The chancellor must end a tax on public electric car charging in the Spring Budget to ensure sales of electric vehicles keep pace, a slew of carmakers and energy companies have warned.

An open letter to the Treasury, led by campaign group Faircharge and signed by the likes of JLR, Stellantis and EON, has warned EV drivers are being “unfairly disadvantaged by outdated, higher rates of VAT.”

Electric vehicle drivers who can charge at home pay just five per cent VAT on their energy bill, under current policy. But those without driveways are reliant on public charge points, which are subject to the full VAT rate of 20 per cent.

According to a survey by Auto Trader last year, close to a third of consumers cited the expense of public charging as a “key barrier” to owning an EV.

Auto Trader’s research estimates drivers charging EVs at home could save £865 annually compared to internal combustion engine models, but if they relied on public charge points it would cost around £264 more.

Quentin Willson, the motoring journalist and founder of Faircharge, said: “If the Government is serious about wider EV adoption, they must revisit this out-of-date VAT legislation – written in the early 1990s before the arrival of electric cars – and make it fit for purpose.

“The cost to The Treasury would be very small compared to the hundreds of billions spent supporting fuel duty, but the benefit to EV drivers without private parking and to urban air quality would be significant and remove this unnecessary barrier to EV adoption.”

Ian Plummer, commercial director at Auto Trader: “It is simply unfair that EV owners without driveways should have to pay more for the privilege of improving air quality.

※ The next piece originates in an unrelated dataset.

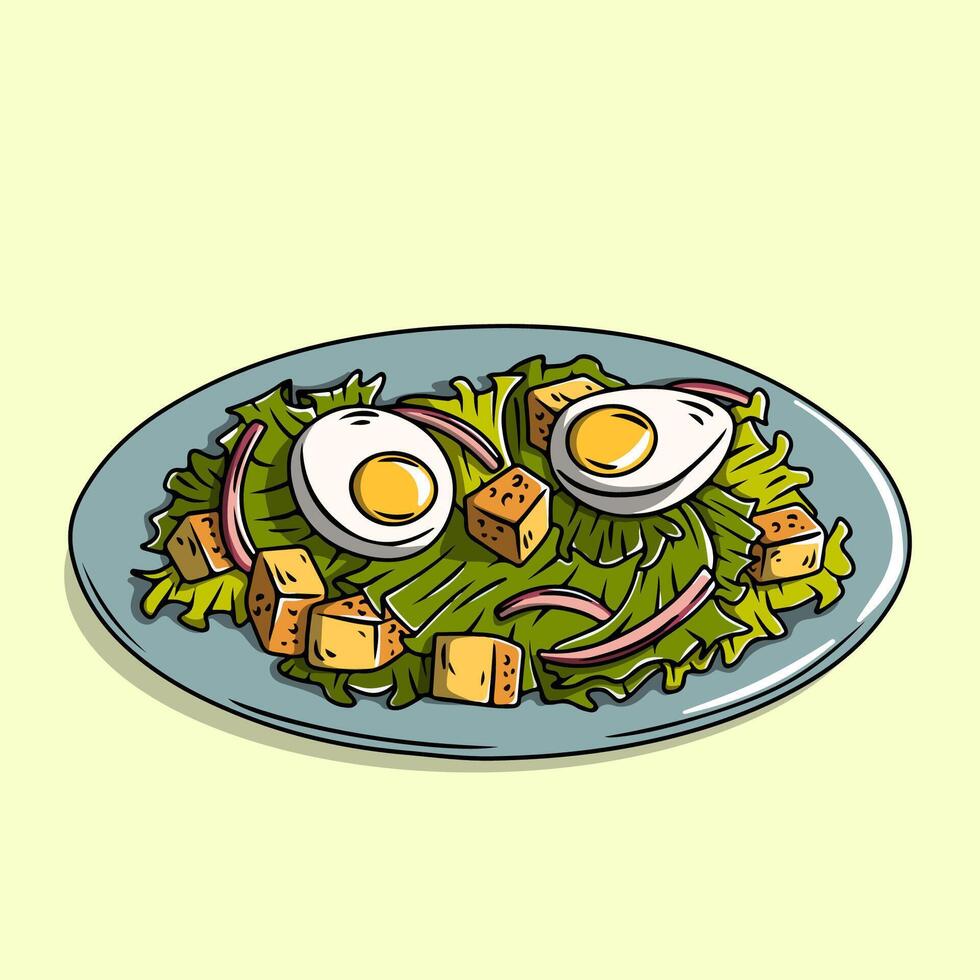 Caesar Salad with Egg and Croutons vector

It’s time for the Treasury to address this injustice and give electric vehicles the best chance of widespread adoption, rather than remaining the preserve of the wealthy.”

Other signatories of the letter to Hung ahead of the Spring Budget include the EV trade body ChargeUK, Polestar, Greenpeace and advocacy group the Campaign for Better Transport.

It comes after a string of warnings from the automotive sector that EV sales growth has started to soften.

The Office for Budget Responsibility halved its forecast sales up to 2027 in November, citing high prices and interest rate hikes as key barriers to sales.

Last week, the chief executive of Polestar, the carmaker dubbed ‘Europe’s Tesla,’ said drivers “scared of change” was hampering uptake.